Problem requirements:
After locating the line containing "Укоренение черенков киви", transcribe that line and all following lines exactly, stopping only at the end of the records.

[Dataset items]
○ ○ ○ ○ ○ ○ ○
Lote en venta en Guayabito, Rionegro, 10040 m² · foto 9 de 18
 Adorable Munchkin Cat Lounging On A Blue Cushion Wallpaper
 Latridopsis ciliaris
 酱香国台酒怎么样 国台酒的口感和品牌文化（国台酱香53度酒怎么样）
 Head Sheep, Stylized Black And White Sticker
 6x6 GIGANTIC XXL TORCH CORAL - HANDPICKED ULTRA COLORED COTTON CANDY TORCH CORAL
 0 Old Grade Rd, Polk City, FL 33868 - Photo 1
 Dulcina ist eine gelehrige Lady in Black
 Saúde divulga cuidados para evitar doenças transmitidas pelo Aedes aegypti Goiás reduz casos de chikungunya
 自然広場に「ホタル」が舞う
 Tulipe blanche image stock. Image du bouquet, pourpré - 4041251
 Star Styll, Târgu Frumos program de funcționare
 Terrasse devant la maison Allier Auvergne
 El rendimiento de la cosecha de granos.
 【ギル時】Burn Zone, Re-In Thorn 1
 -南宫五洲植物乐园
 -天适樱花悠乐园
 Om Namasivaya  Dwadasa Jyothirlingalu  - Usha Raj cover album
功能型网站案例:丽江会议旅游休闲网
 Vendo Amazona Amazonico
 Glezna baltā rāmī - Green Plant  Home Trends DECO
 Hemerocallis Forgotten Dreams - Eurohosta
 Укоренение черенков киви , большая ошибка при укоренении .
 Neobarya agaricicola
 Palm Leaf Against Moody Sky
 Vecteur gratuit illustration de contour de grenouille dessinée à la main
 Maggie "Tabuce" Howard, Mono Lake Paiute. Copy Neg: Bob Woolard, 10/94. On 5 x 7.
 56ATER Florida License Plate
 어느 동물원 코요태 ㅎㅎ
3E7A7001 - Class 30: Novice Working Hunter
○ ○ ○ ○ ○ ○ ○
Answer space:
 Укоренение черенков киви , большая ошибка при укоренении .
 Neobarya agaricicola
 Palm Leaf Against Moody Sky
 Vecteur gratuit illustration de contour de grenouille dessinée à la main
 Maggie "Tabuce" Howard, Mono Lake Paiute. Copy Neg: Bob Woolard, 10/94. On 5 x 7.
 56ATER Florida License Plate
 어느 동물원 코요태 ㅎㅎ
3E7A7001 - Class 30: Novice Working Hunter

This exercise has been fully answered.